The charge of corruption (through the person of Rahm Emanuel and questions around his involvement in Fannie Mae) is uniquely non-ideological, and has thereby allowed for an alliance with right wing hero Grover Norquist. This political jiu-jitsu co-opts a major driver of the very right wing machine Obama and Emanuel are concerned about, but puts it in service of a left wing ideological bloc, eager to garner the same respect from the White House. While many on the left are understandably finding the alliance distasteful, its potential potency is hard to deny.

Still, it is unquestionably cementing the fractures that have formed among the left. Calls of "why can't we all just shake hands and get back to working together" fall apart before such a strategy.

Given, then, the innate wisdom of the "divide and conquer" axiom, this scorched earth approach must be a bad thing. A fractured left is a weakened left, and a weakened left can never, ever find its way back to relevance. Right?

In reality, it all depends on how it plays out in the coming month, because "divide and conquer" may not be the axiom in play if the rift can be finessed. Instead, the far more liberal mantra of "diversity is strength" could cede policy victories to the American left -- even to those currently demonizing FDL's Jane Hamsher and her allies.

So-called "movement conservatives" have proven that size does not necessarily matter when it comes to impacting policy. In fact, the beltway seems to respond to a definition of political force that mirrors Newton's own definition of physical force in his second law: f=ma (force equals mass times acceleration). The Uygur/Hamsher activist faction may divorce itself of some mass through its approach, but through an even greater increase in its acceleration (by being more focused and nimble), it could end up a far more potent political force when all is said and done.

In addition, there's even the potential for a good-cop/bad-cop dynamic among progressive ideological allies on either side of this attack-strategy divide. It may be distasteful for the Hamsher opponents among the left to consider, but the fact is that Rahm Emanuel may be more inclined to bring what he sees as agreeable progressives into the process in an active way if he thinks it may limit or even undermine the FDL-set during delicate negotiations. It may not put Jane Hamsher or Glenn Greenwald at the table personally, but it would be progressives at the table nonetheless - which is better than what we've got at present.
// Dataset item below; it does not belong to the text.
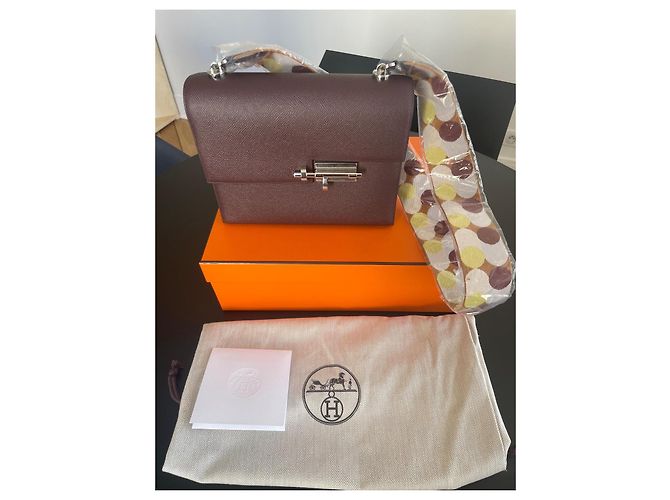 Borsa a mano Hermès Lock 21 in Pelle Rosso Scuro Bordò - vista 2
Is this more optimistic view the way the dynamics will play out in the coming months? Maybe, maybe not. There's no question that FDL and company are engaging in a high stakes gamble that could either enhance the left's impact, or further erode it. The answer to the question of which way it will all turn depends less on who is right, and more on how this tightrope is walked in the coming weeks.

However you slice it, a decision to turn up the heat on this White House, in the process solidifying the split in the left, is a high risk strategy. But it would seem that the administration has left progressives little choice if they want a way back to the negotiating table.